GEODIS customs insights
GEODIS highly values our reputation and relationships with CBP, at both national and local levels. We are very engaged with CBP and other federal agencies and work hard to build and maintain mutually beneficial relationships. Our engagement and commitment ensure that our clients have access through GEODIS to the parties and policies that affect import and export processes.
GEODIS customs optimization services
GEODIS provides a comprehensive, complete range of customs optimization services, including:
- Clearing goods through customs quickly by providing local services at all key ports and points of entry in the US.
- Classifying products correctly according to the Harmonized Tariff Schedule.
- Paying duties and tariffs on behalf of clients in line with their cash flow schedule.
- Advising on sensible tariff engineering and how clients can make changes to design and manufacturing processes to reduce likely tariff fees.
- Consulting with clients on free trade agreements and using international arrangements to reduce costs when importing and exporting between trade partners.
- Making use of foreign trade zones to align import schedules and duty payments with client needs.
- Offering bonded warehouses to delay tariff and duty payments until goods are removed for sale.
- Allowing for temporary input and export to avoid duty payments on certain types of products.
- Claiming tariff refunds via duty drawback for goods that are re-exported or destroyed.
- Tracking and sharing customs information and product flows via a customs control tower.
- Providing a full range of supply chain services via integrated, end-to-end logistics.
Get in touch with GEODIS today and discover how we can optimize your customs processes.
Frequently asked questions about customs optimization
What are some options to avoid duty payments?
Duty payments can be avoided by taking advantage of free trade agreements that allow for the transfer of goods between trading partners without tariffs being levied.
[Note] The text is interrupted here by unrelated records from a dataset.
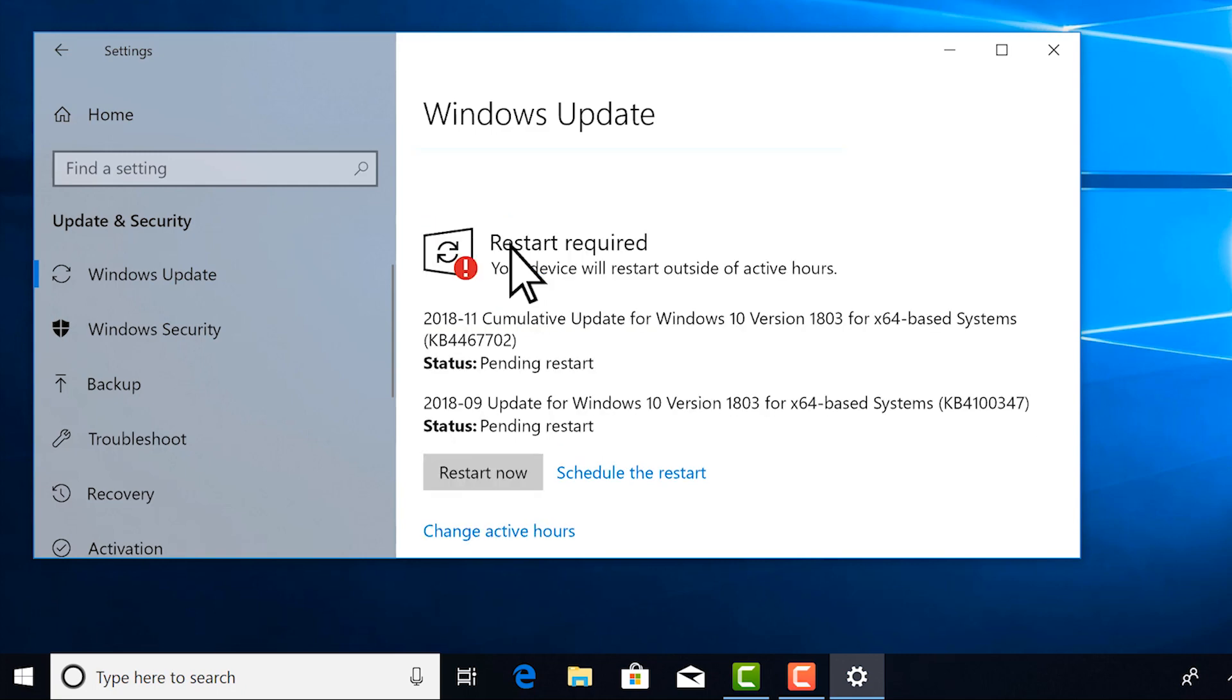It's best to restart your Surface after updating it to make sure updates are installed properly. That's it.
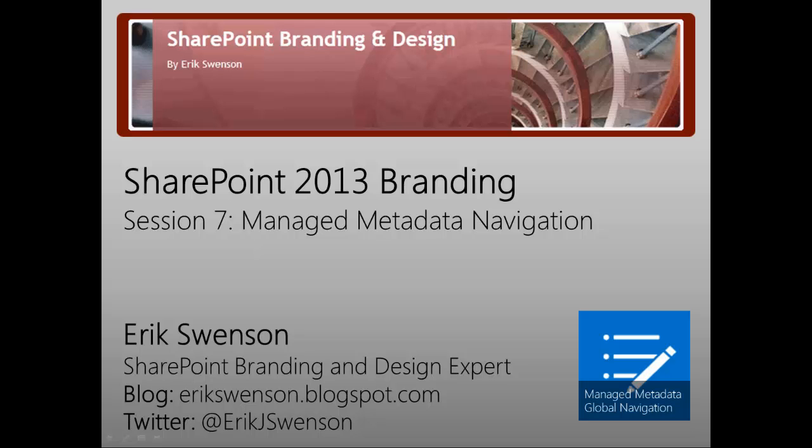Hello and welcome to my SharePoint Branding and Design video blog. My name is Eric Swenson, and you can visit my website at ericswenson.blogspot.com. You can also follow me on Twitter at EricJSwenson.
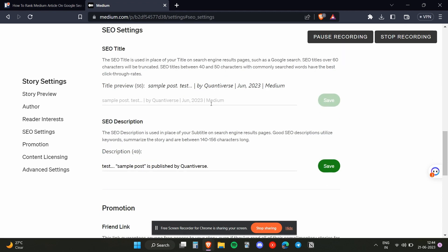It is based on the words that you post in the SEO title and description. So whenever a user searches for those words, like suppose your title is artificial intelligence the future, and if someone searches for artificial intelligence, your article will rank up in their Google search.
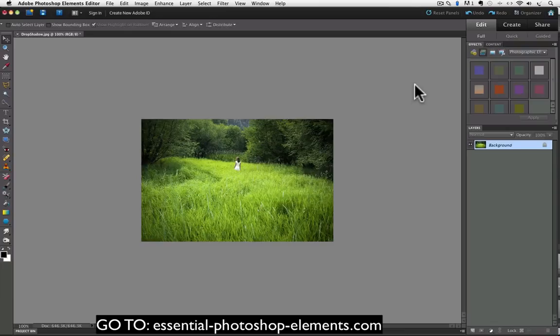Hi, this is Rick from EssentialPhotoshopElements.com. In this video we're going to see how to add a drop shadow to a photo.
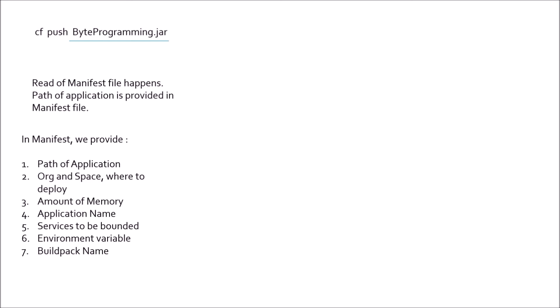Once manifest file is read, the first thing that happens is a route is created. We already have seen how a route looks like. Once a route is created, then any external attached resources that are bounded to the application is bounded. So all the services that we have mentioned to be bounded to your application in manifest file, that binding of services happens.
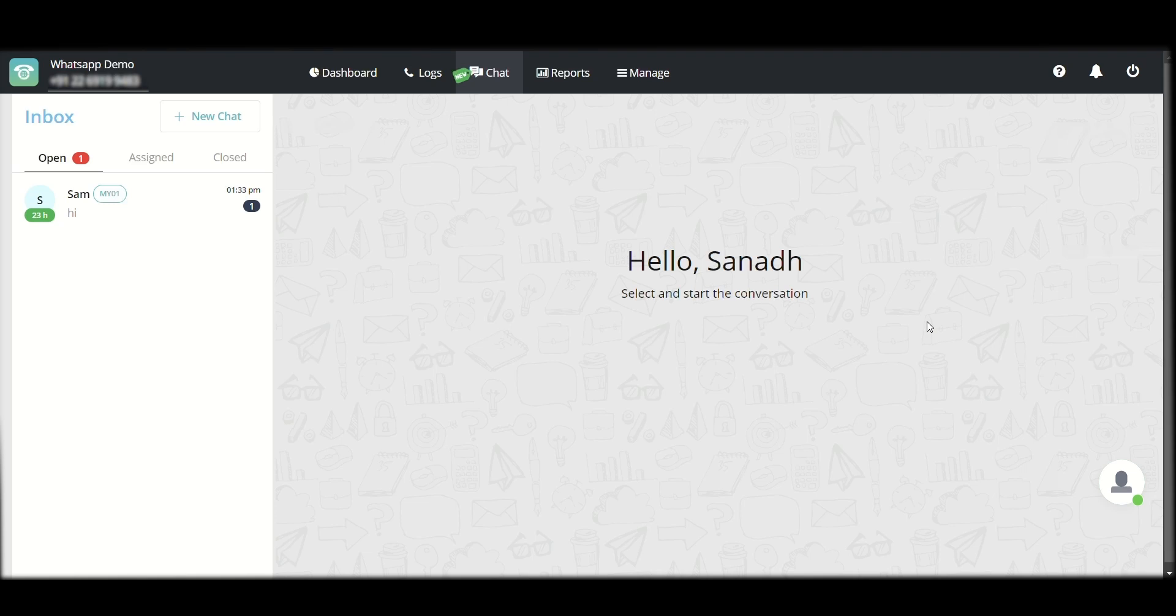This has been embedded in the old MyOperator web panel itself. You will have the same login credentials if you are already a MyOperator user and you will be able to see this on the top under the chat section. Once you click on chat, this window will open.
Products can also be imported on a temporary basis, and can then be exported again to avoid duty.
What are some options to suspend duty payments?
Importers have several ways that they can defer duty payments. Prior to import, goods can be held in a foreign trade zone, meaning they have not yet formally been imported into the US, so tariffs would not be due. Following import, goods can be held in a bonded warehouse, where duties only become payable when goods are removed from that warehouse.
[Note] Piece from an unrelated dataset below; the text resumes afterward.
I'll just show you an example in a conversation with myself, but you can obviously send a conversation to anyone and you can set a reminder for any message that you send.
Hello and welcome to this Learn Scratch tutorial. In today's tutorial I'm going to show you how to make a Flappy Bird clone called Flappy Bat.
How can duty payments be refunded?
Fees can be reclaimed through the duty drawback process. When goods are received into the US, the importer pays tariffs on those products. If those products are then re-exported, either in their original or a manufactured form, the importer can make a duty drawback claim within five years of the original import. This can refund up to 99% of the duties paid. Duty drawback also applies if goods are destroyed after being imported.
How can tariff engineering help reduce duty payments?
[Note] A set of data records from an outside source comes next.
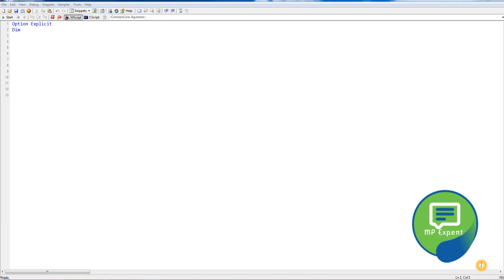Hello everyone, this is MP. This is our fourth tutorial for the VBScript series. In this video we're going to discuss conditional statements. Conditional statements play a very important role when you are scripting in any testing tool like UFT or QTP, or in any language. So let's get started.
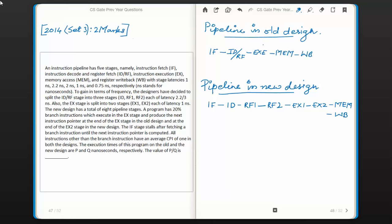The question is: an instruction pipeline has 5 stages, namely instruction fetch, instruction decode and register fetch, instruction execution, memory access, and register write back, with stage latencies 1 nanosecond, 2.2 nanosecond, 2 nanosecond, 1 nanosecond, and 0.75 nanosecond respectively.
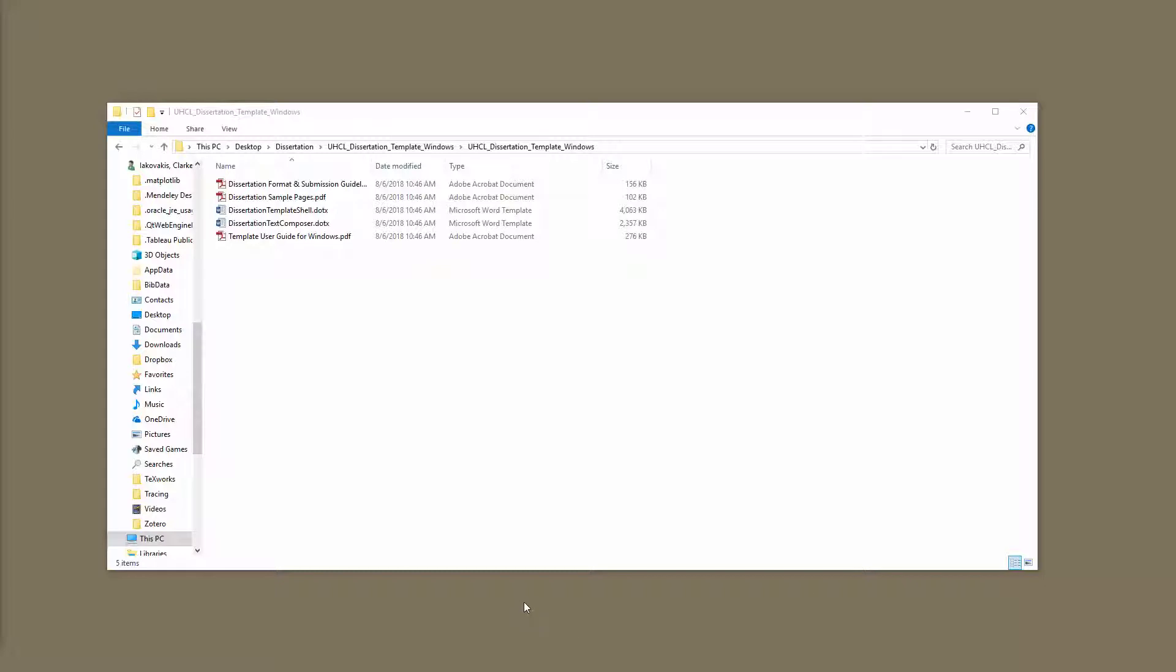This is the third in a series of videos on how to use the Word files for writing your thesis, project, or dissertation at the University of Houston Clear Lake. In this video, we'll talk about how to use these two Word files.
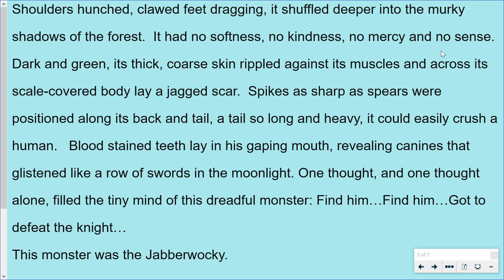Find him, find him, got to defeat the knight. And this monster was the Jabberwocky. Some of you may have heard of the Jabberwocky before. It's a character, but originally it's a nonsense poem written by Lewis Carroll, who wrote the Alice's Adventures in Wonderland books. Next week we'll have a look at the poem, but this week I just wanted to concentrate on the description of the Jabberwocky. Before we get to the task, let's go through some of the vocabulary.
Tariff engineering makes changes to the design and manufacture of a product to place it into a lower tariff band and reduce the potential duties paid. For example, “Product A” is manufactured from certain goods and attracts a tariff rate of 4%. But, some small changes to the finished product may instead allow it to be classified as “Product B” which attracts a lower tariff rate of 3%. Tariff engineering would then save duty costs of 1% for every product.
Does GEODIS provide a local presence at US ports and points of entry?
GEODIS US customs brokerage operates in 13 offices throughout the country. Local practices vary between ports, and our brokers maintain strong working relationships with on-site customs officials. This facilitates the smooth flow of cargo within and through each point of entry.